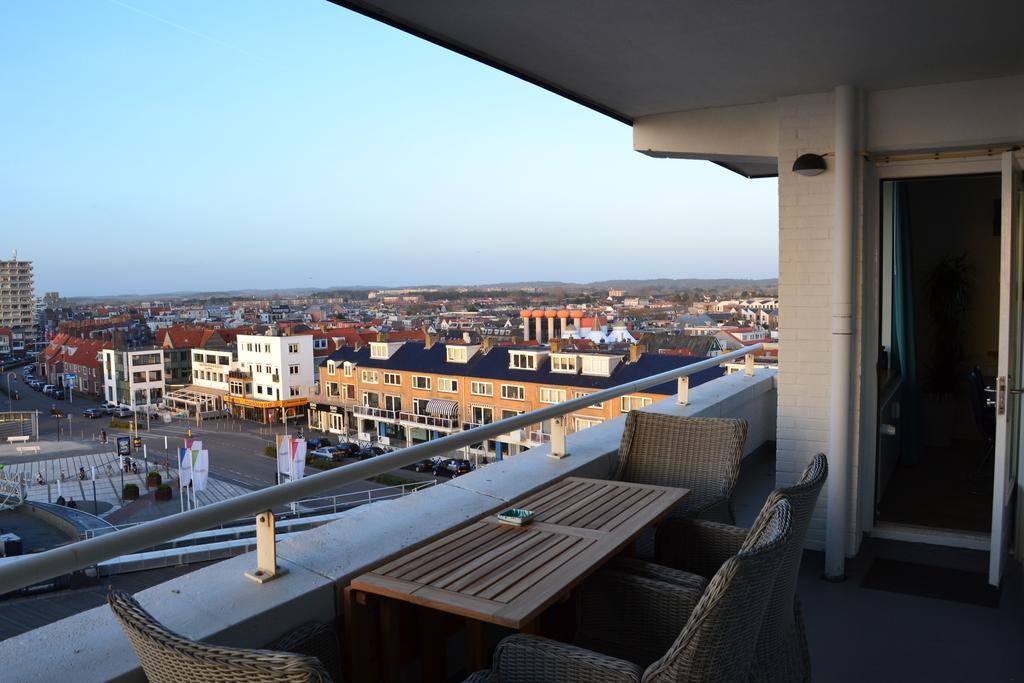 Beach Apartment Ikusasa Zandvoort Esterno foto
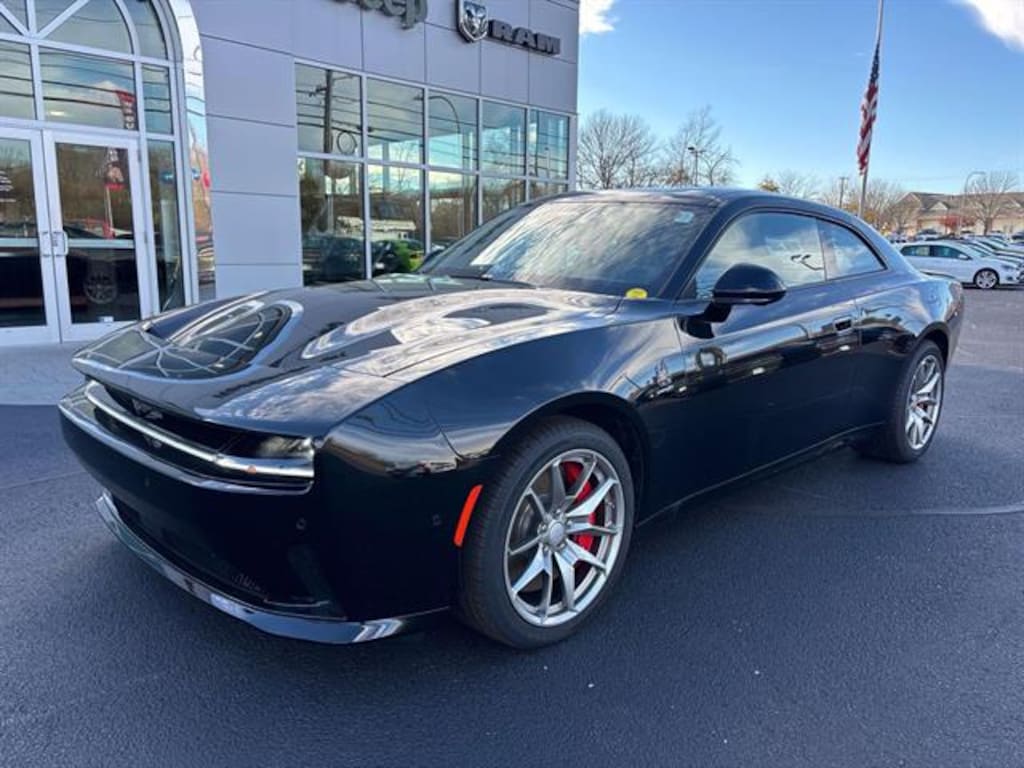 Used 2025 Dodge Charger Daytona Scat Pack Car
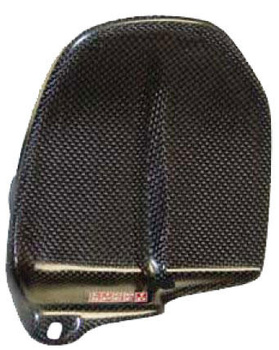 Carburator heat shield (fac spec) YZF/WRF 450 06->  Light Speed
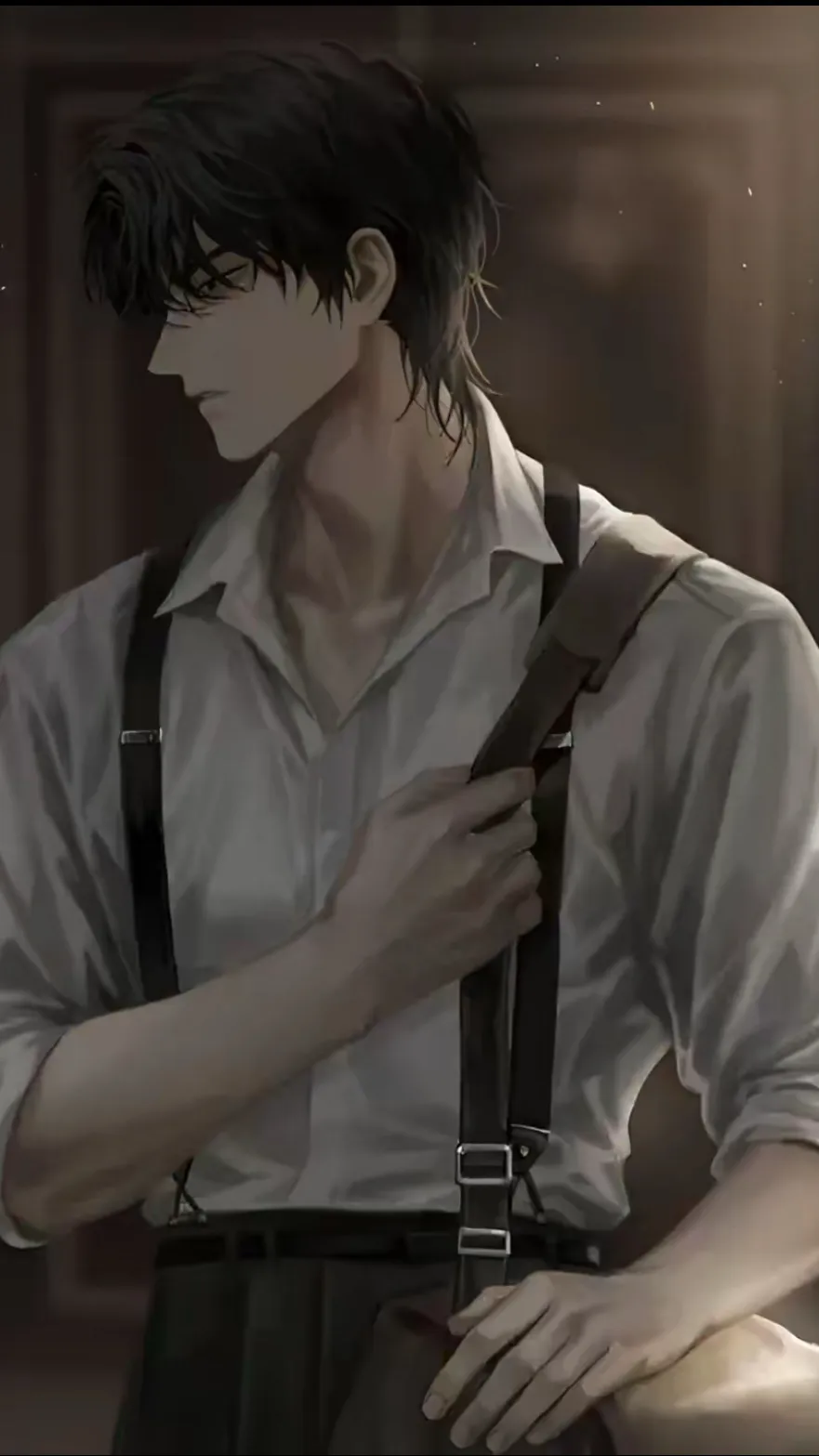 ai character: 𝐋𝐮𝐜𝐢𝐮𝐬 ✧ background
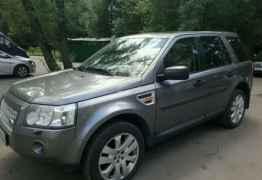 Land Rover Freelander, 2007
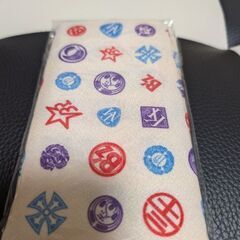 B'z風呂敷未使用の画像
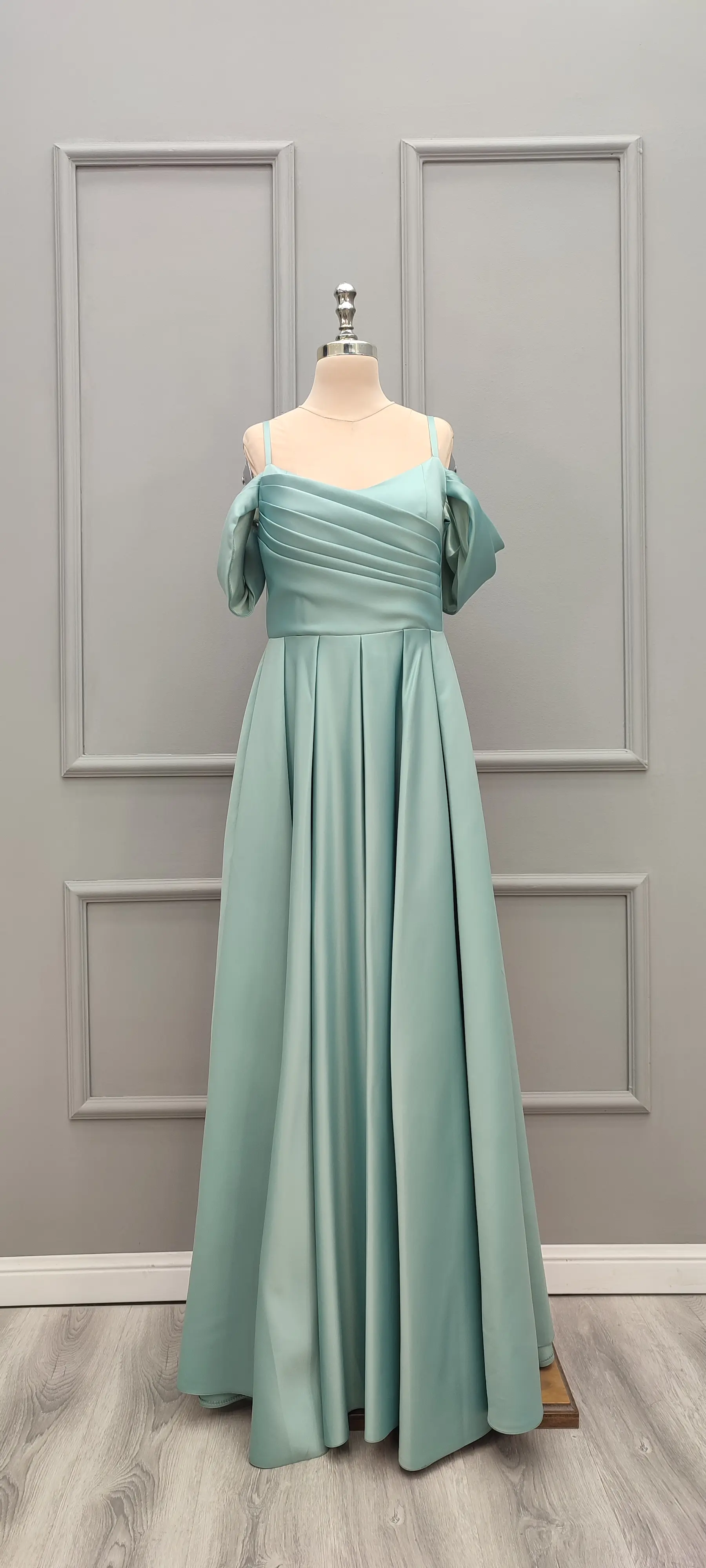 پیراهن بلند السا 7021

::::::

Exercise details: Begin at the line containing "Carburator heat shield" and transcribe exactly every line through the end of the records, both ends included, leaving the pictures out.

Solution to this exercise:
 Carburator heat shield (fac spec) YZF/WRF 450 06->  Light Speed
 ai character: 𝐋𝐮𝐜𝐢𝐮𝐬 ✧ background
 Land Rover Freelander, 2007
 B'z風呂敷未使用の画像
 پیراهن بلند السا 7021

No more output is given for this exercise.